At certain points in my life, I have hibernated. I do this on the cusp of big changes: the year I graduated from high school I hibernated, and I hibernated in 2005 when I lived with Niki. Sometimes the changes that follow hibernation are good (post-high school I went to AmeriCorps and found myself in all kinds of cheesy ways) and sometimes they are bad (post-Niki I entered a two-year debilitating depression*).
Hibernation is characterized by an intense focus on hobbies and home-bound activities and an uptick in conversations with myself about myself. I do not do many productive things when I am hibernating. My brain is taking its time in absorbing a change in situation or world-view.
Sometimes I think that I am an intelligent person, but even if I am I have to acknowledge that I am a very slow thinker. This is why I am sometimes funny while I'm writing but am never funny in person (I can never quite keep up with what's going on around me, so banter eludes me) and why I have a six-to-eight-month turnover period whenever something in my life changes.

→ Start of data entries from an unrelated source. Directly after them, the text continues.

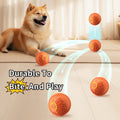 Haustiere Elektrischer springender Ball Automatischer Hunde-Ärgernis-Leuchtendes Haustierprodukte Haustiere Hunde Trainingsprodukte Ballspielzeug für Hunde Widerstand
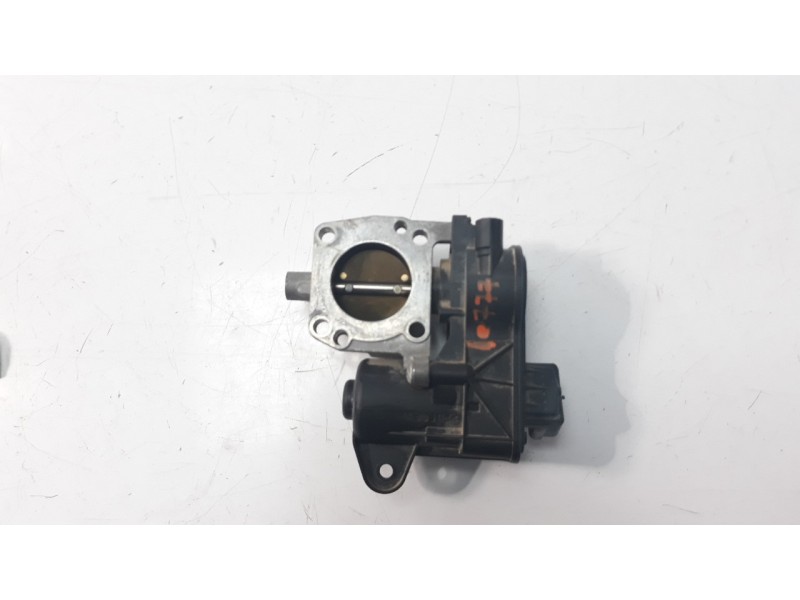 Recambio de caja mariposa para citroen c4 cactus 1.2 12v e-vti referencia OEM IAM 9673622380  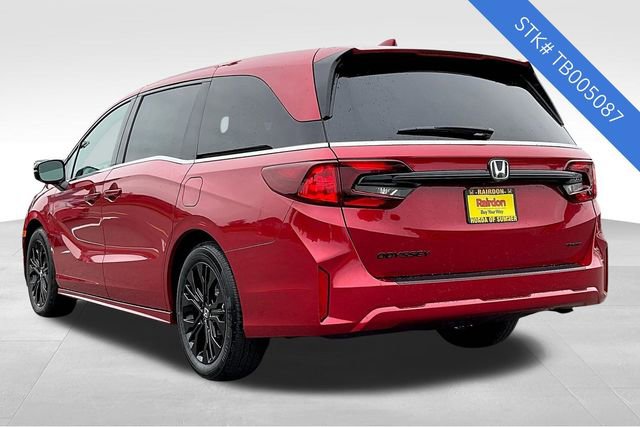 New 2026 Honda Odyssey Sport-L image 3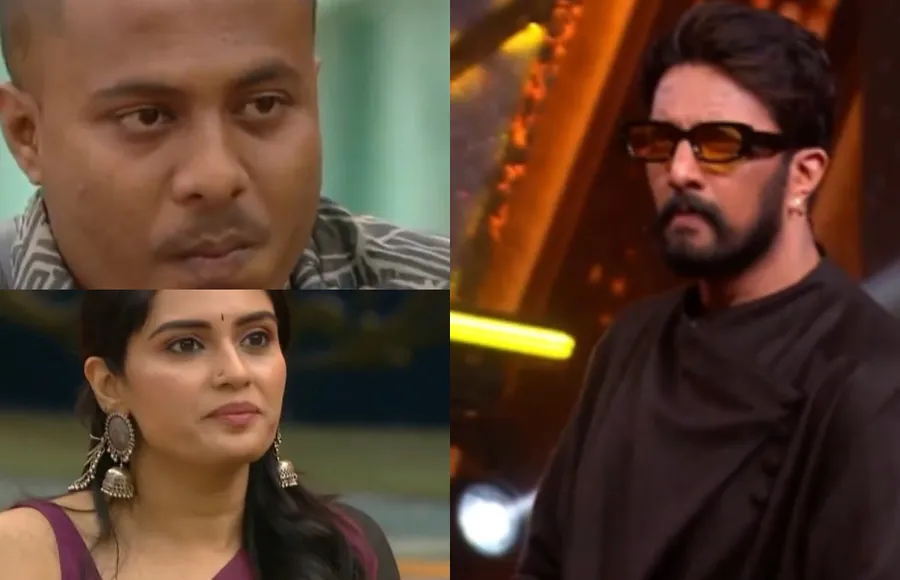 BBK13: ಅಗ್ನಿ ಪರೀಕ್ಷೆ ಸ್ಪರ್ಧಿಗಳಿಗೆ ಹೊಸ ಪರೀಕ್ಷೆ; 2ನೇ ವಾರ ಮನೆಯಿಂದ ಹೊರ ಬಂದಿದ್ಯಾರು ?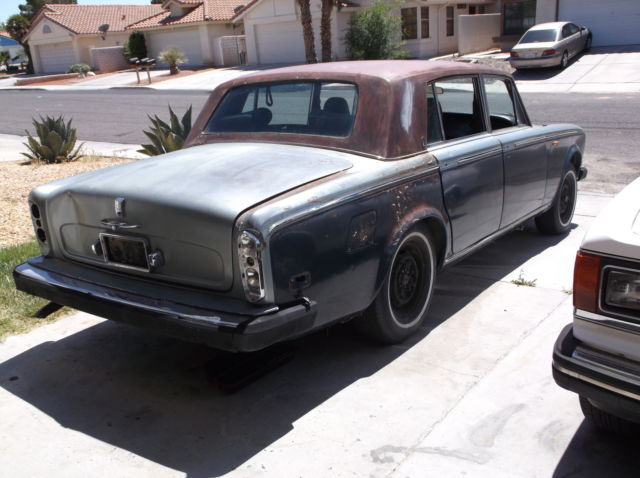 1975 Rolls-Royce Silver Shadow - photo 4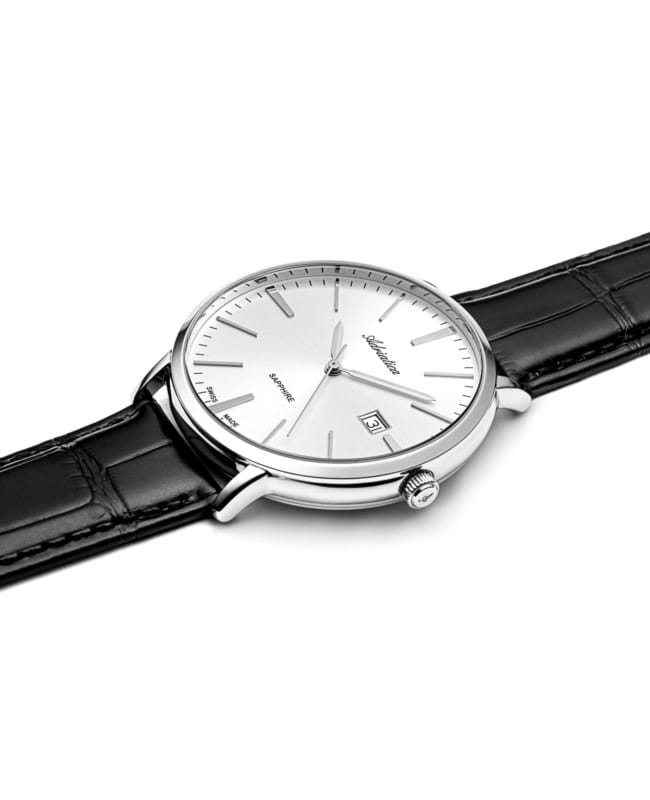 Adriatica Adriatica Classic A1283.5213Q , наручные мужские часы фото под углом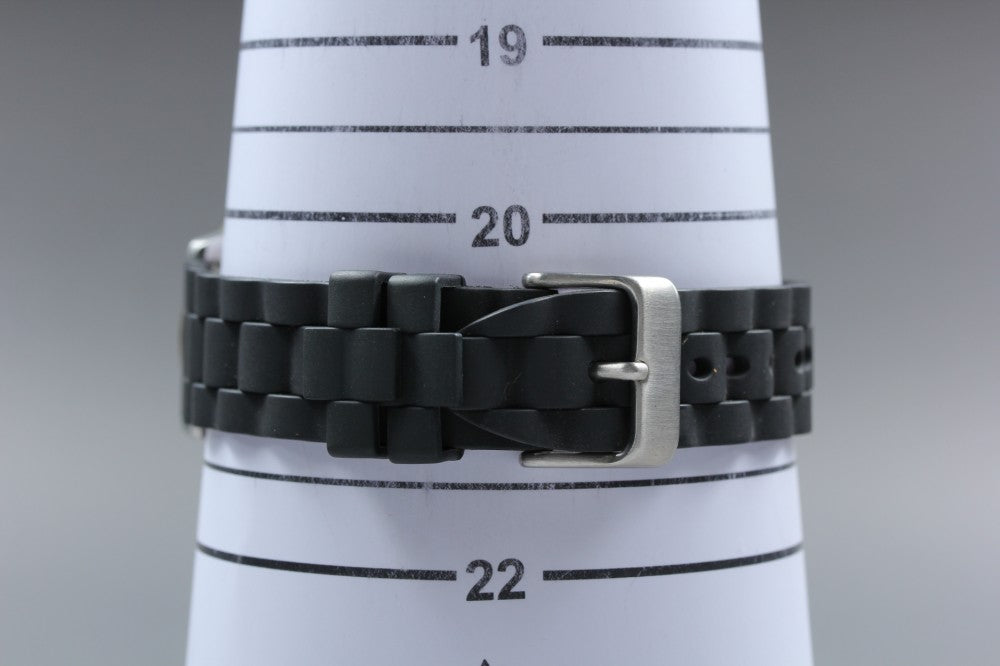 Near MINT CITIZEN America's Cup Yacht Timer 6840-G80621 White Quartz 40.5mm Men's Watch 1991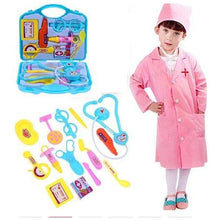 Kids Doctor Set Game Kit for Boys and Girls Collection (Multicolour)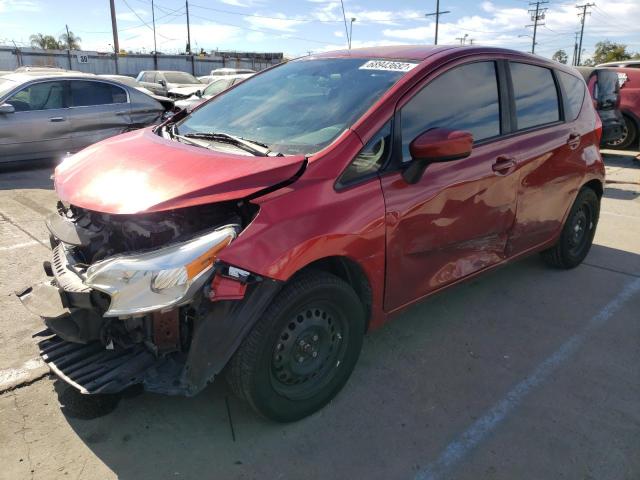 NISSAN VERSA NOTE 2016 with VIN 3N1CE2CP9GL394827 - Photo from auction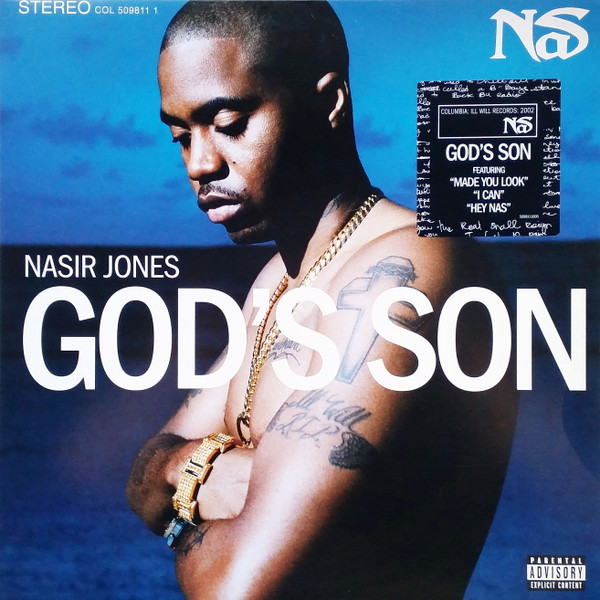 Nas - God's Son | Columbia (509811 1) - main Nas - God's Son | Columbia (509811 1) - main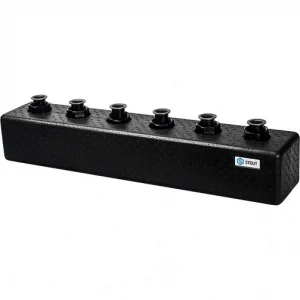 Коллектор распределительный 5 контуров 1½"н x 1½"нг Stout SDG-0017-004035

So, obviously, I have been hibernating since I graduated. I sort of expected it, although I was hoping it would not last quite so long. And right now I am waking up. But the longer you hibernate the harder it is to wake up, and I am finding this wake-up period slow-going. I feel like every molecule in my body has been asleep for six months, and I must rouse each one individually.
For example, so far I seem to have woken up the part of myself that cleans my house. Still asleep: the part of myself that makes decisions about career paths.
But we're getting there.
Here are some important life lessons I've learned in the past few weeks of wake-up:
1. Own your shoes**
2. Do not be like the dude in Ikiru***
3. You are a soft and squishy human being, unlike Russians who lived through German occupation in WWII****
*The effects of Niki withdrawal?
**From an Arab folk tale about a guy who was such a miser he kept his old shoes for several decades, and everyone in his town made fun of him for how gross they were, so one day he decided to get rid of them. But every time he tried to get rid of them he would get himself into horrible trouble (he throws them out of a carriage and hits a pregnant woman in the head and she miscarries, so he gets thrown in jail; he throws them into a river and somehow clogs up a dam and floods a town, so he gets thrown in jail, etc.). The moral of the story is that there are some things about your personality you would do well to accept and learn to live with rather than trying to totally eliminate them.
***Totally the best movie I have ever watched
****Scott lent us City of Thieves, which was a really good book and also made me feel like a huge soft lump of flesh with a mushy brain in comparison to the characters.